Serkin: Another statement that you’ve made is that you want to create an industrial revolution in Nigeria. How do you achieve that?

Enelamah: The previous government had a plan called the Nigeria Industrial Revolution Plan, which is actually a good plan on paper.

A lot of things are not so difficult to do. It’s just you need to focus on these things. So, our commitment is that we will do those things.

If you look up what was happening in cement and sugar, there was a commitment to pursue industrialization.

It’s not something you do half-heartedly, then you stop, and you restart. And that’s the commitment we are making to our people and to the international community –that we will be focused.

The Nigeria Industrial Revolution Plan will be implemented on our watch. It won’t all be done in one day because it’s a five-year plan.

Serkin: We’re just about a year since Buhari’s surprise election victory — a huge, momentous occasion for Nigeria in the democratic transfer of power. With your investor hat on, give Buhari a scorecard a year on. How would you rank his performance?

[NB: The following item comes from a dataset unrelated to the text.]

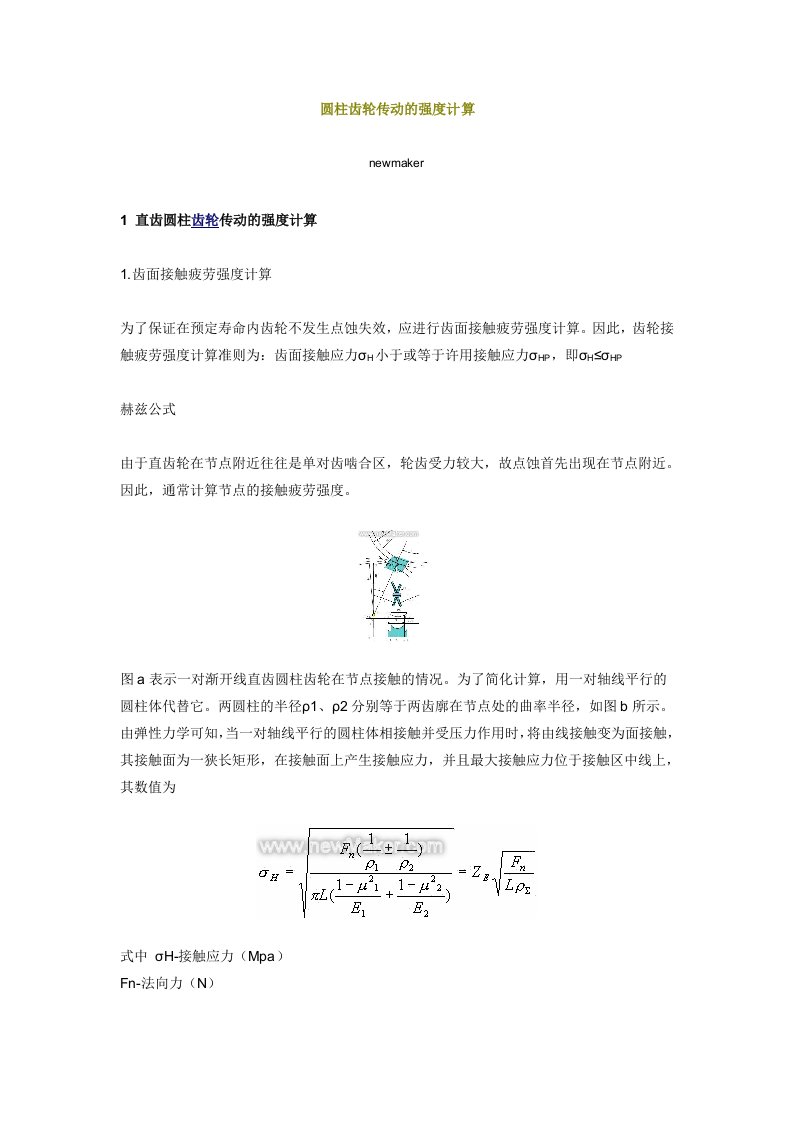 圆柱齿轮传动的强度计算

Enelamah: I would say, so far so good.

In some respects, things could have been faster. He was deliberate in appointing his ministers, it took six months, but most people accepted the cabinet when they saw it.

He has said that fixing the economy will take time. You may call that delayed gratification.

But you know investors, and you work with them. People when they are going through it, they say, ‘Why can’t you fix? Give me a fix today? I can’t wait till tomorrow.’